## YOUR ASSIGNMENT
Repeat the data in full and exactly. Leave the pictures out.

## DATA BLOCK
*** Block opens ***
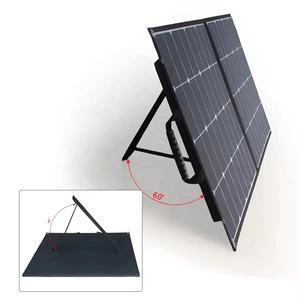 Paneles Solares Portátiles Plegables SunPower <span class=keywords><strong>Maxeon</strong></span> OEM de 100W, Sistema de Carga <span class=keywords><strong>Solar</strong></span> de 18V/12V para Camping y Uso en Exteriores, 20% de Eficiencia - Product Image 2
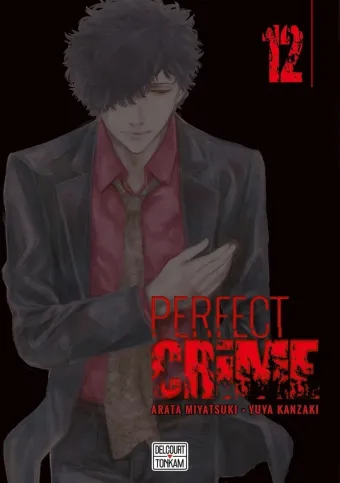 Couverture du manga Perfect crime Tome 12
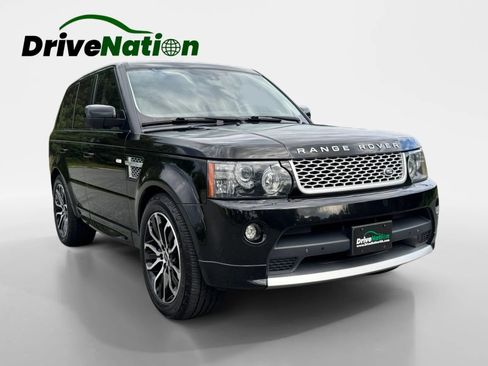 Used 2012 Land Rover Range Rover Sport Autobiography AWD/4WD image 3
*** Block closes ***
## THE COMPLETED TASK
 Paneles Solares Portátiles Plegables SunPower <span class=keywords><strong>Maxeon</strong></span> OEM de 100W, Sistema de Carga <span class=keywords><strong>Solar</strong></span> de 18V/12V para Camping y Uso en Exteriores, 20% de Eficiencia - Product Image 2
 Couverture du manga Perfect crime Tome 12
 Used 2012 Land Rover Range Rover Sport Autobiography AWD/4WD image 3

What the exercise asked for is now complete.